Karena nafsu keinginan mendapatkan kekayaan,
orang bodoh menghancurkan dirinya sendiri dan orang lain.
-----------------------------------------------------------------------------------------------
Suatu ketika, Raja Pasenadi dari Kosala datang untuk memberi hormat kepada Sang Buddha. Ia menjelaskan kepada Sang Buddha bahwa ia terlambat datang karena pada pagi hari itu seorang kaya telah meninggal dunia di Savatthi tanpa meninggalkan ahli waris. Hal ini menjadikannya harus mengambil alih semua kekayaan orang itu. Kekayaannya berjumlah 8 juta keping emas, belum termasuk uang perak, dan membutuhkan waktu 7 hari untuk mengangkutnya ke gudang harta Raja. Kemudian Raja menceritakan perihal orang itu, yang meskipun sangat kaya namun sangat kikir. Saat orang itu masih hidup, ia tidak pernah memberikan apapun sebagai wujud kemurahan hati. Ia menolak untuk membelanjakan uangnya bahkan untuk dirinya sendiri, dan karenanya, makan sangat hemat serta mengenakan pakaian dari kain yang kasar dan murah. Mendengar hal ini Sang Buddha menceritakan kepada raja serta para pengiringnya tentang orang itu pada saat kehidupannya yang lampau. Dalam kehidupannya itu ia juga seorang kaya.
Suatu hari ketika seorang Paccekabuddha datang dan berdiri untuk berpindapatta di depan rumahnya. Ia berkata pada istrinya untuk mempersembahkan sesuatu kepada Paccekabuddha. Istrinya berpikir sangat jarang suaminya memberi ijin untuk memberikan sesuatu pada orang lain. Maka istrinya mengisi penuh mangkok Beliau dengan makanan. Orang kaya tersebut sekali lagi bertemu dengan Paccekabuddha tersebut dalam perjalanan pulang ke rumah dan ia melihat pada mangkok makanannya. Mengetahui bahwa istrinya telah mempersembahkan makanan yang baik dalam jumlah banyak, ia berpikir, "Oh, bhikkhu ini hanya akan tidur nyenyak setelah makan enak. Akan lebih baik bila pelayan-pelayanku yang diberi makanan sebaik itu. Paling tidak, mereka akan memberiku pelayanan yang lebih baik." Dengan kata lain, ia menyesal bahwa ia telah menyuruh istrinya untuk mempersembahkan dana makanan pada Paccekabuddha.

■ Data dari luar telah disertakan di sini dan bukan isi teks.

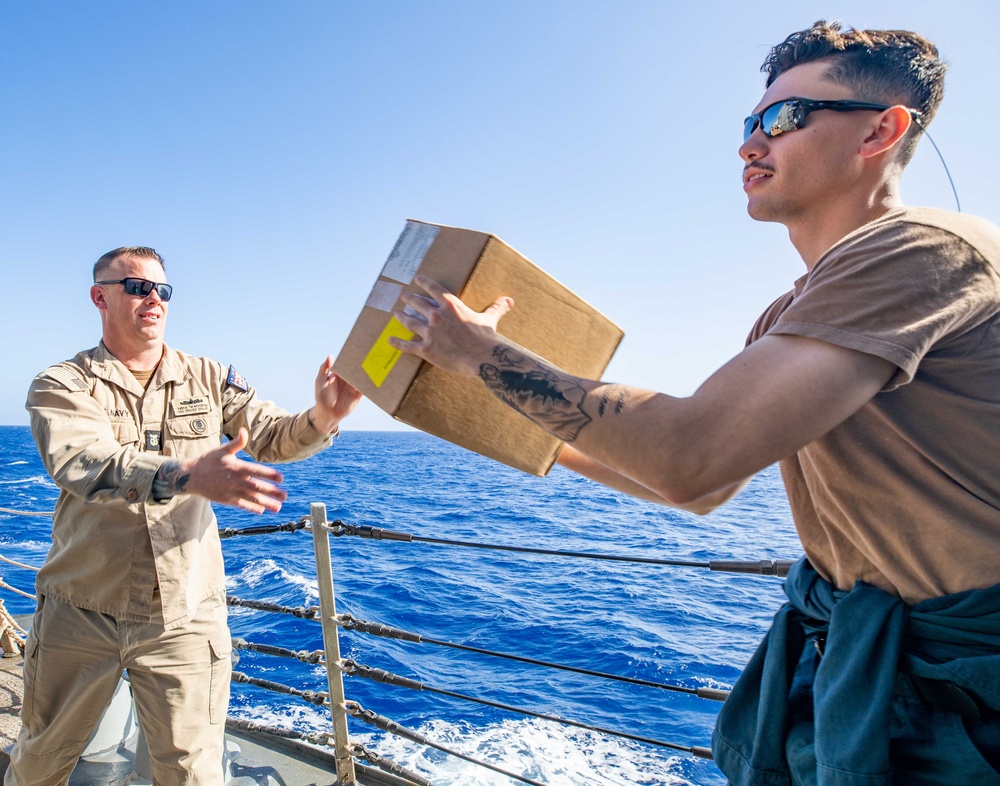 Gravely, Supply Conduct Replenishment-at-Sea in the Mediterranean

Orang ini mempunyai seorang kakak yang juga kaya. Kakaknya hanya mempunyai satu orang anak lelaki. Karena iri hati atas kekayaan kakaknya, ia telah membunuh keponakannya yang masih muda dan karenanya ia mewarisi secara tidak sah kekayaan kakaknya setelah meninggal dunia.
Karena orang tersebut telah mempersembahkan dana makanan pada Paccekabuddha, ia menjadi orang kaya dalam kehidupannya sekarang. Karena ia menyesal telah mendanakan makanan pada Paccekabuddha maka ia tidak punya keinginan untuk membelanjakan apapun bahkan untuk dirinya sendiri. Karena ia telah membunuh keponakannya sendiri untuk mendapatkan kekayaan kakaknya, ia telah menderita dalam alam neraka (niraya) selama tujuh kali kehidupan dan tanpa anak. Perbuatan buruknya telah berakhir sehingga ia terlahir kembali ke alam manusia, tetapi di sini ia juga tidak melakukan perbuatan baik.

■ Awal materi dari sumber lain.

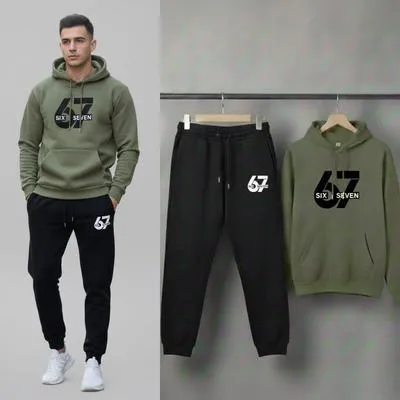 Men Olive Green Printed Hoodie Track Suit 2Pcs Fleece Winter Sale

Raja kemudian berkata, "Bhante, meskipun ia telah hidup di sini dalam masa kehidupan seorang Buddha, ia tidak pernah mempersembahkan apapun kepada Sang Buddha maupun murid-muridNya. Sesungguhnya, ia telah kehilangan kesempatan yang sangat baik, ia sangat bodoh."
Kemudian Sang Buddha membabarkan syair berikut :
"Hananti bhogā dummedhaṃ no ce pāragavesino
bhogataṇhāya dummedho hanti aññe va attanaṃ."
Kekayaan dapat menghancurkan orang bodoh,
tetapi tidak menghancurkan mereka yang mencari `Pantai Seberang` (nibbana).
Karena nafsu keinginan mendapatkan kekayaan,
orang bodoh menghancurkan dirinya sendiri dan orang lain.